[Working data]
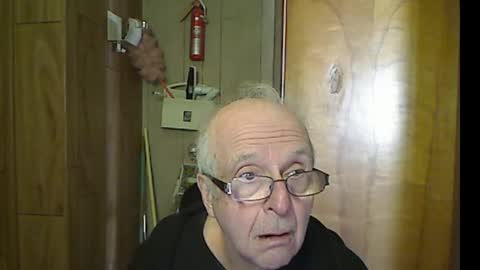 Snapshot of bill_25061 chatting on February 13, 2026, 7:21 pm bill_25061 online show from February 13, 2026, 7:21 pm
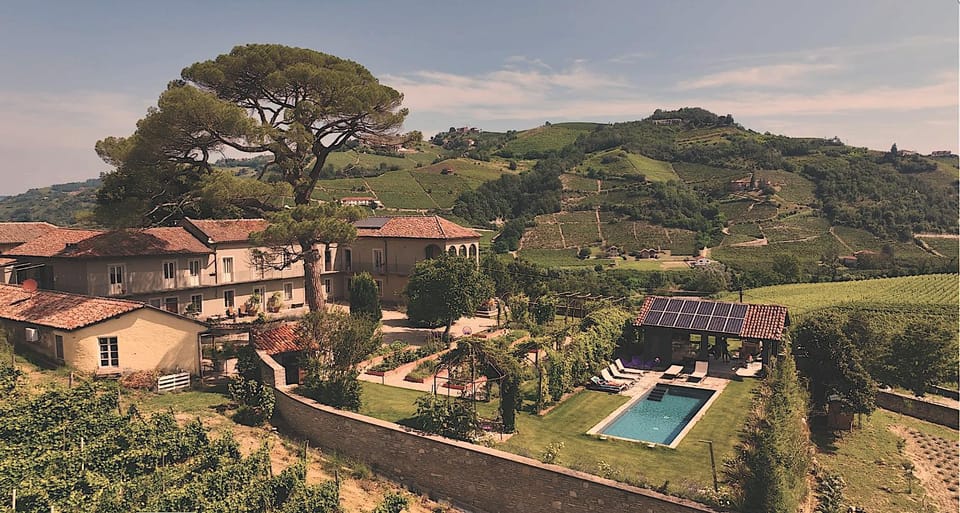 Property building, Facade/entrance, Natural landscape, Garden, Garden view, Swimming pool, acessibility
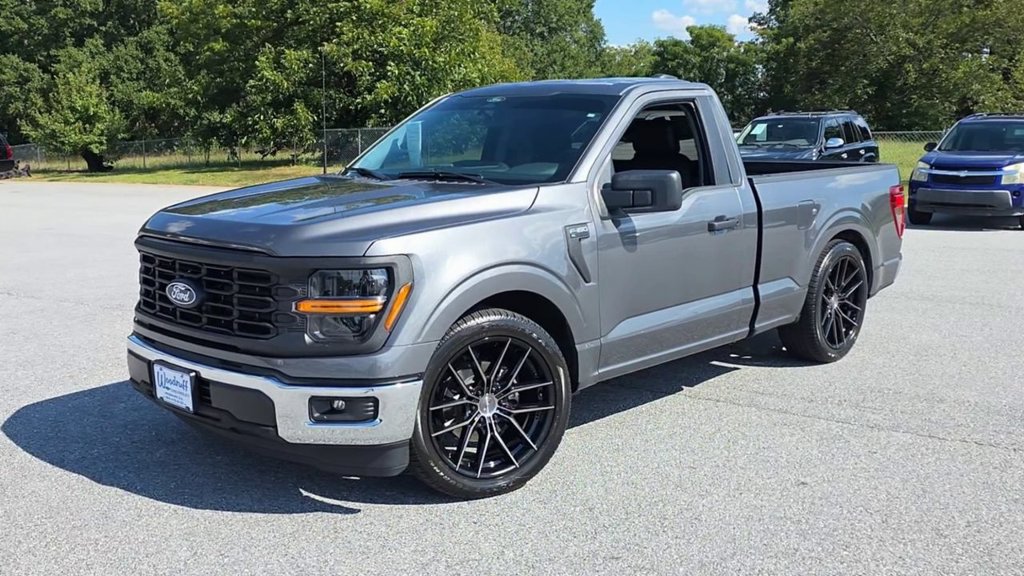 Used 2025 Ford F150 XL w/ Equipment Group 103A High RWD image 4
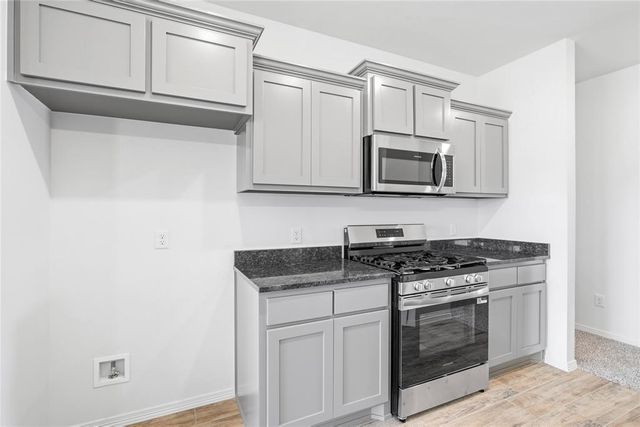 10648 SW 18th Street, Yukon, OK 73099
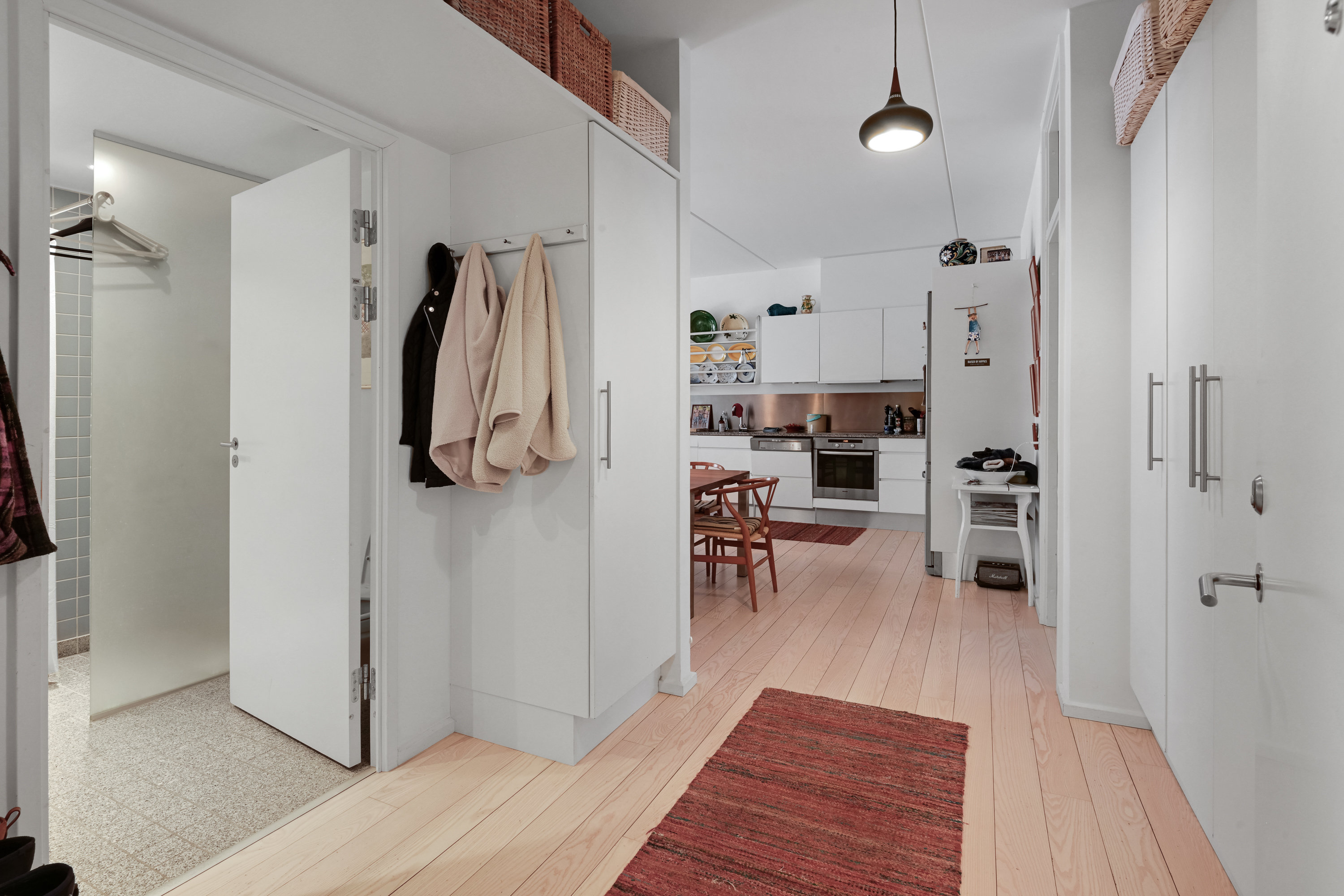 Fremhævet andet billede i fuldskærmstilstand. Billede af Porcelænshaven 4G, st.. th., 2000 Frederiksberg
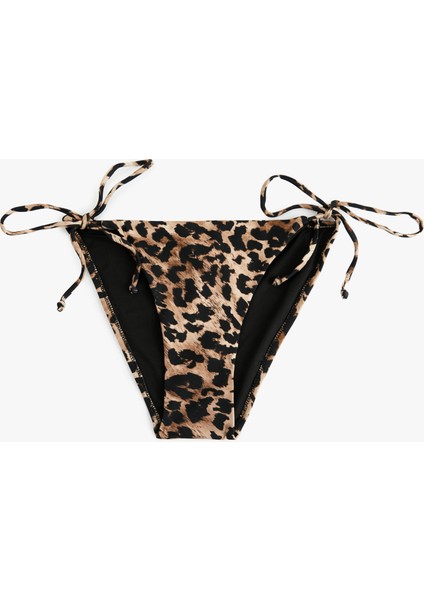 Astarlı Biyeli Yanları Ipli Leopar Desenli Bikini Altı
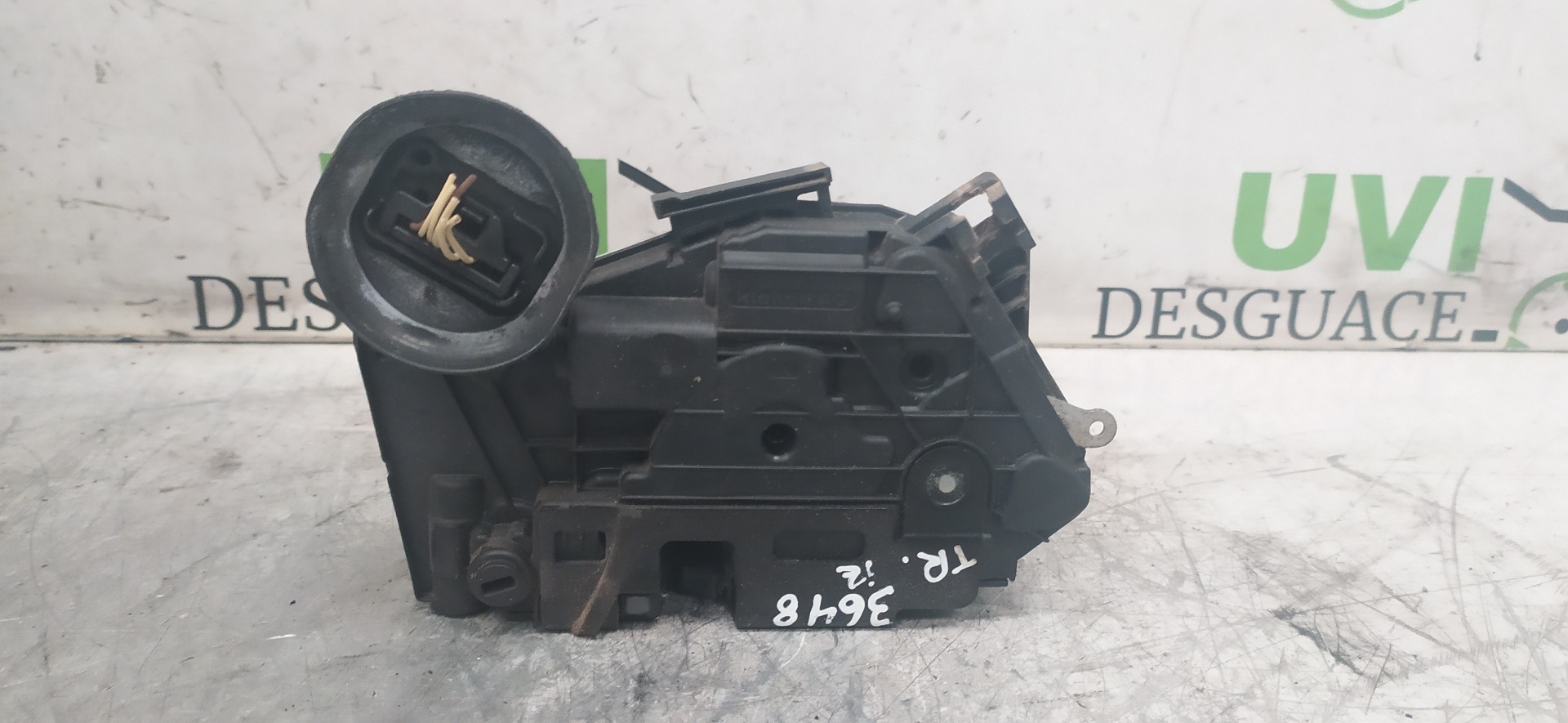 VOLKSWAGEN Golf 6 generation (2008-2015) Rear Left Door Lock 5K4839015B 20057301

[Exercise directions] Working from the records above, reproduce exactly the lines from the one with "Used 2025 Ford" through the last line, without the pictures.

[The completed task]
 Used 2025 Ford F150 XL w/ Equipment Group 103A High RWD image 4
 10648 SW 18th Street, Yukon, OK 73099
 Fremhævet andet billede i fuldskærmstilstand. Billede af Porcelænshaven 4G, st.. th., 2000 Frederiksberg
 Astarlı Biyeli Yanları Ipli Leopar Desenli Bikini Altı
 VOLKSWAGEN Golf 6 generation (2008-2015) Rear Left Door Lock 5K4839015B 20057301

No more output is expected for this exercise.